C’est alors que le parc automobile d’une autre compagnie traversant la Place de l’Etoile se faire caillasser de toutes parts. Un orage de violence inouï qui finira seulement par de la casse automobile. Nous voyons qu’une partie de la foule surexcitée s’avance vers les collègues, brutalement, au pied de l’Arc de Triomphe pour les assaillir. Peut on les aider ? Non c'est trop dangereux. Et pourtant, ce n'est pas l'envie qui manque d'aller leur donner un coup de main. Mais comment faire face à plus de trois mille personnes?  Les ordres sont de bloquer la rue. On obeit. Point.
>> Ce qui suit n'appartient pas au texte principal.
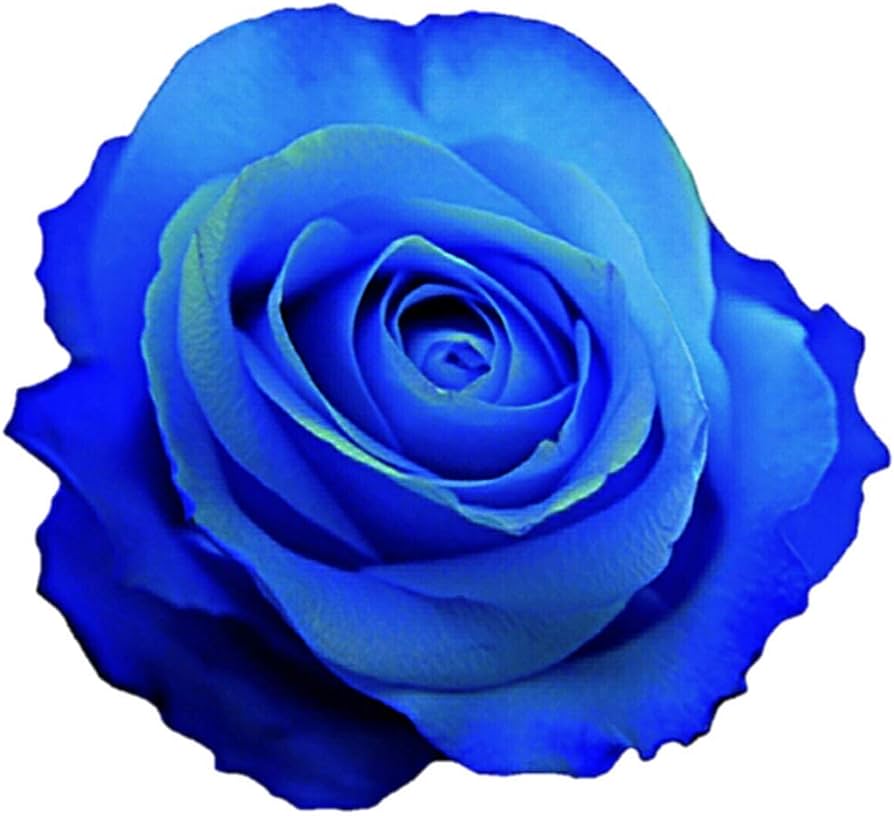 Watercolor botanical blue rose flower digital clipart, vector, png ...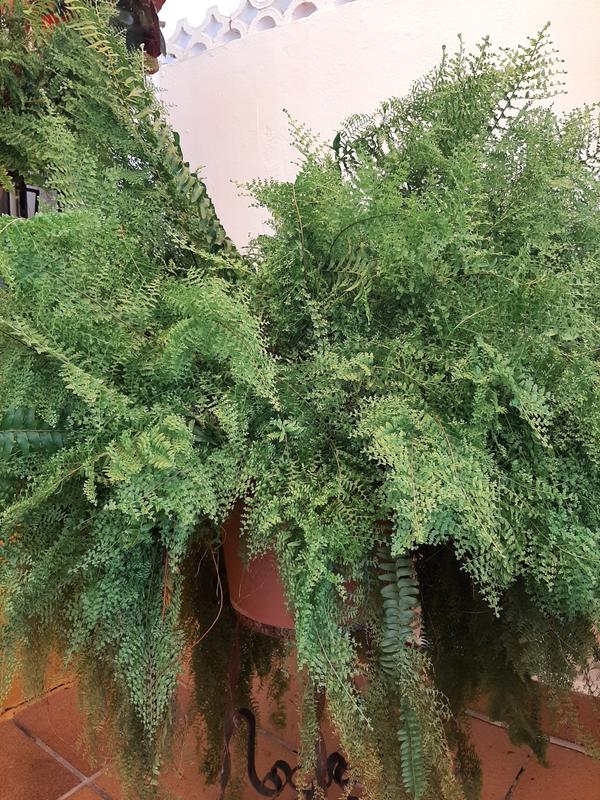 Abrir modal de revisión 1 de 2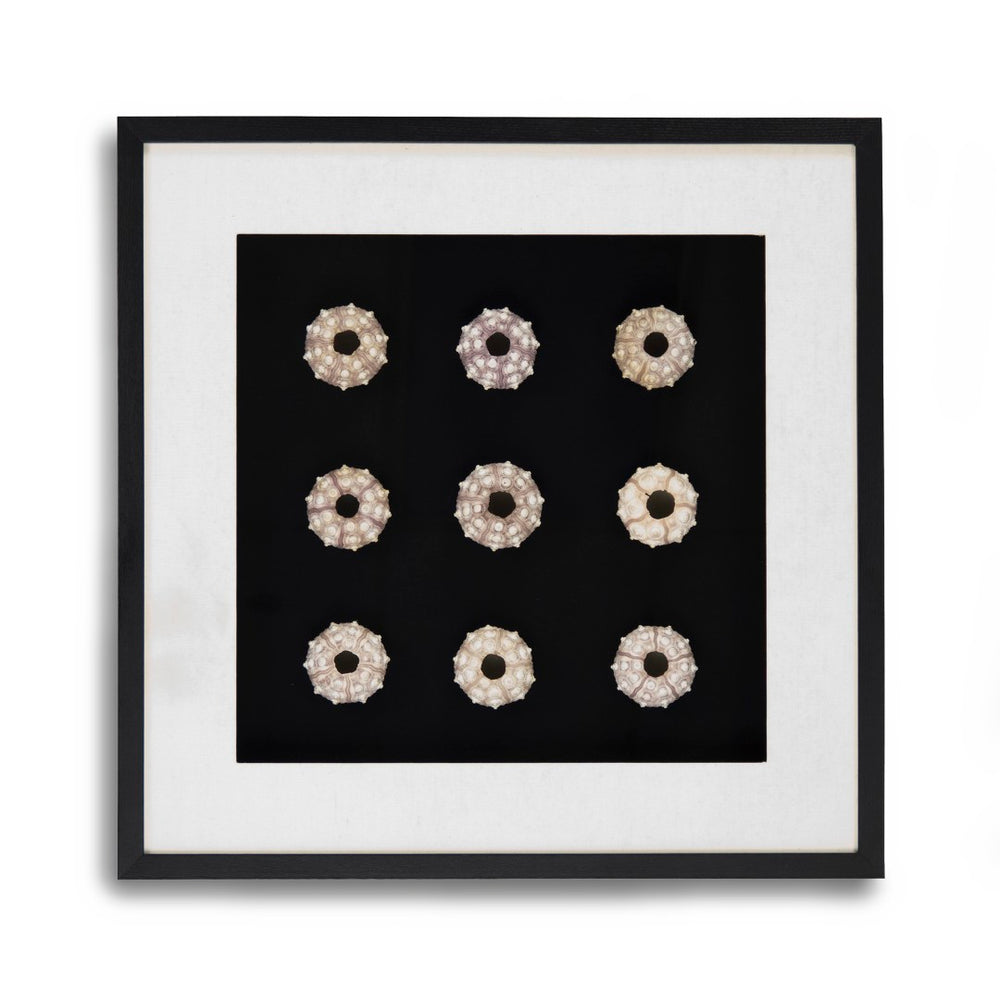Zentique Abstract Shell Art - Elevate Your Space With Stunning Coastal Elegance And Nature-inspired Decor Round Sea Shells On Black Background In Black Frame Pine Wood,Glass Zen23378a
Derrière nous, du bruit se rapproche. De plus en plus fort. De quoi s'agit-il? Notre horde sauvage qui revient à la charge . Même tactique que précédemment, c'est à dire se dégager dans une ruelle.  Mais une fois retranchés, les projectiles pleuvent maintenant des deux côtés. Nous sommes repeints de la tête au pied pour certains avec de la peinture quasiment impossible à enlever. À nouveau des blessés, contusionnés, mais, tant bien que mal, nous les repoussons. Difficilement. Toujours avec nos petits moyens de défense.
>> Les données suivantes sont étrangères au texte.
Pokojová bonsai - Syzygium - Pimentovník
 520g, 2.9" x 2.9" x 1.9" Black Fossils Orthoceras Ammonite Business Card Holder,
Il est maintenant 17 heures; un incendie se déclare dans un appartement parisien, mais personne n’a encore mangé depuis 4 heures du matin. À quand la pause ? Ah... on me fait signe, puisque le calme s’est installé. Les pompiers interviendront dans cet appartement. Avec des collègues en protection.

Juste le temps, en 20 minutes, de m’asseoir, souffler, réaliser ce qu’il s’est passé et surtout appeler la famille, les rassurer, 'je vais bien".
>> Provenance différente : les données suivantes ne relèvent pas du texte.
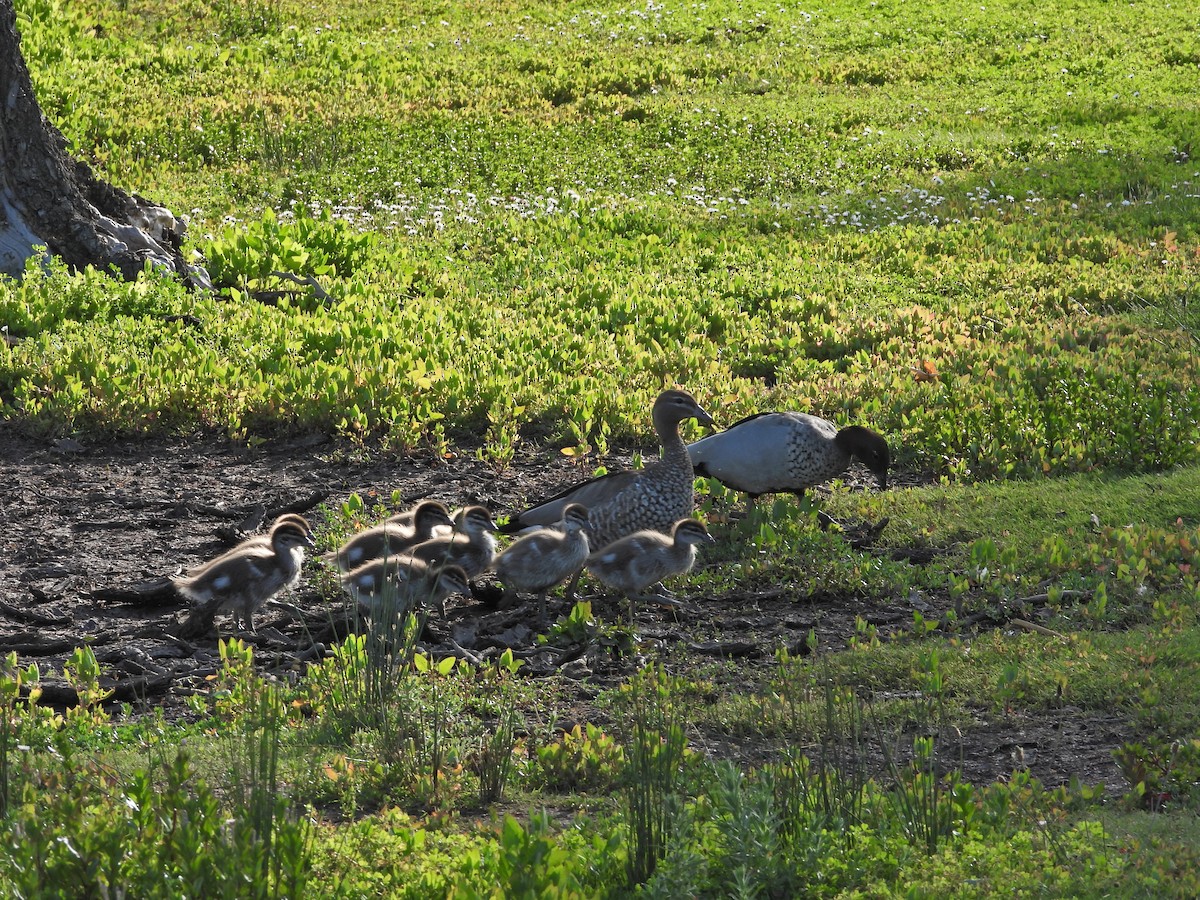 Mähnenente - ML646718557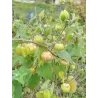 Tikroji dumplūnė - Physalis peruviana PETERS BESTE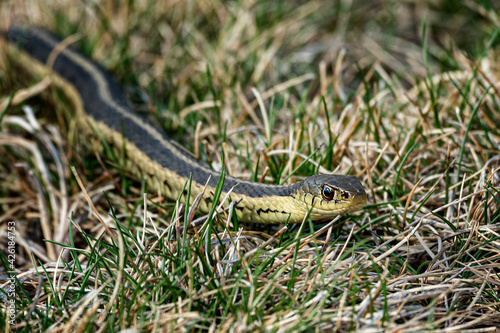 Eastern Garden Snake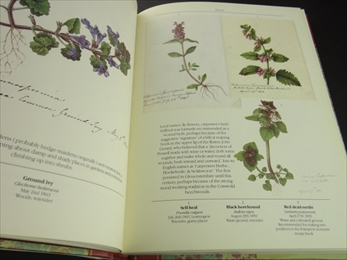 The Frampton Flora_写真1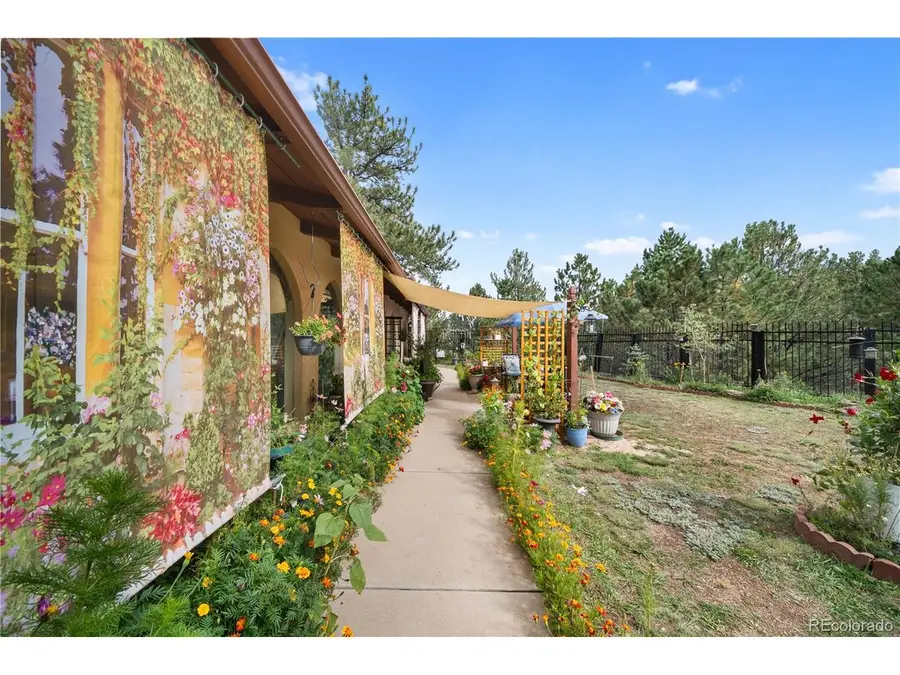 2400 County Road 43, Bailey, CO 80421 - #3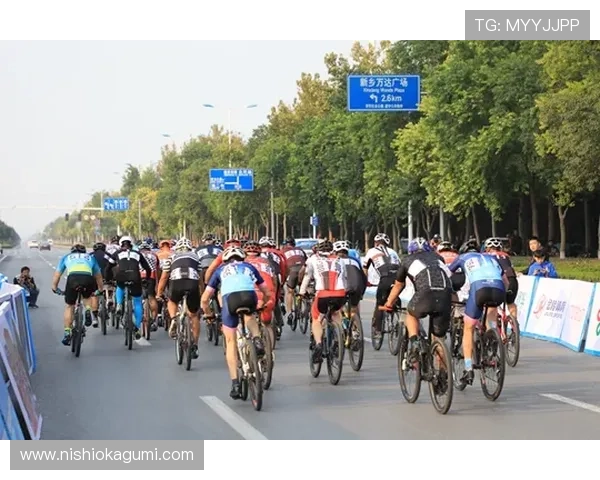 皇冠新体育平台，掌握最新体育赛事动态与精彩分析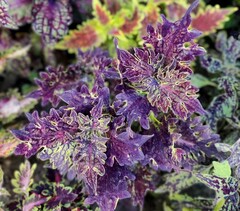 Дикая планета колеус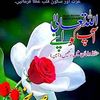 rafiq.ahmed3940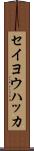 セイヨウハッカ Scroll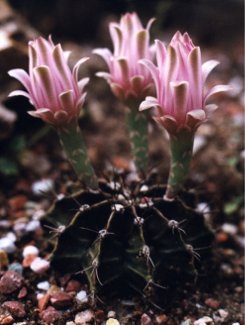 gymnocalycium cactus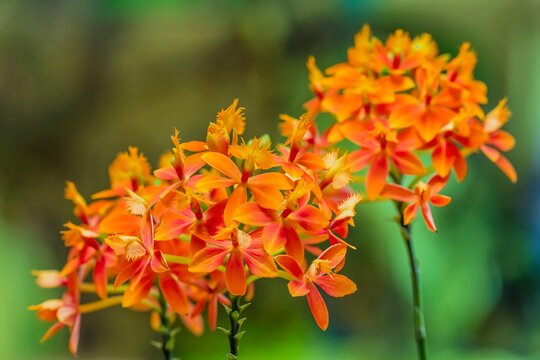 Flower umbels of an orange epidendrum orchid.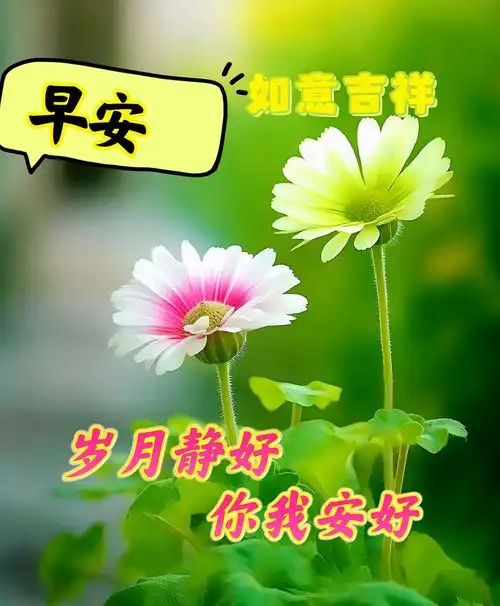 6月17日漂亮的早安图片,珍惜此刻,活在当下,让幸福的阳光,洒满每一个平凡的日子好运幸福快乐早上好早安清晨手机网易网
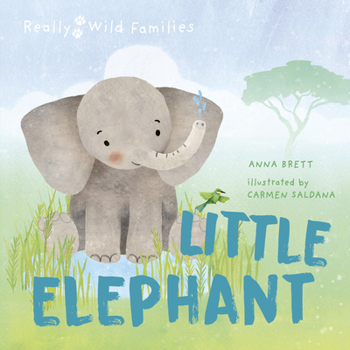 Hardcover Little Elephant: A Day in the Life of a Elephant Calf Book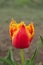 Sensual Golddust. Orange double petal tulip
Je repars après avoir mangé pour que les copains puissent à leur tour se reposer un peu jusqu’à ce que cette éviction fulgurante de la Place de l’Etoile soit décidée. Elle se déroule sous un déluge de feu incroyable tel un feu d’artifice !! Je n’ai jamais vu ça en plus de 15 ans de métier. Totalement inouï. Simple, rapide, efficace… mais les casseurs sont quand même revenus; il ne leur aura fallu qu'une heure.

Il est 20 heures. Le moral des troupes commence à baisser. Nous sommes fatigués, épuisés par plus de 13 heures de violences, en continu. Finalement, le "spectacle" ne s’arrêtera que vers 22 heures où le peu qui reste se fait repousser sous les grenades. C’est enfin l’heure du repas chaud. Nous sommes assis, tranquilles et enfin prêts à rentrer pour se doucher, se coucher, après une journée de déchéance humaine totale. Fin du chaos.

Résultats de cette journée ? De la casse, du vol, du pillage, des incendies, des blessés, un fusil d’assaut volé, presque 10000 grenades utilisées et 492 interpellations.

Un sentiment de désarroi intense, de la colère et de l’incompréhension nous anime. Au bilan, il faut ajouter une ville de Paris abîmée, l'Arc de Triomphe pillé et saccagé; la mémoire de nos anciens salie, bafouée par une société totalement perdue. Des forces de l’ordre, que nous sommes, dépassées par des casseurs en surnombre, des rues manquants de renforts en aval pour empêcher le retour des manifestants, des ordres et contre-ordres, des actions parfois manquant de résultats efficaces. Des casseurs de plus en plus déterminés sur qui le gaz lacrymogène ne sert plus à rien.

Nous, policiers, comprenons la colère des gilets jaunes. Nous sommes et vivons dans la même galère que tous les vrais gilets jaunes. Pour nous aussi, la vie est de plus en plus dure. Une fois notre uniforme retiré, nous sommes des hommes et des femmes. Et nous ne comprenons pas non plus l’attitude de nos dirigeants politiques, qui semblent continuer à fermer les yeux sur la réalité de la vie. Ces dirigeants qui laissent le peuple vivre, survivre, laissant s'installer la misère.

Faire la sourde oreille, se moquer du peuple et le renier comme ils le font n’est malheureusement pas l'attitude que l'on est en droit d'attendre de la classe politique. Est-ce le début d’une révolution ? Seul l’avenir nous le dira mais une chose est sûre, un policier n’est pas une machine. C’est un homme, qui a une conscience, une famille, une vie à vivre comme tout le monde. Mais au bout d’un moment, il va falloir dire stop.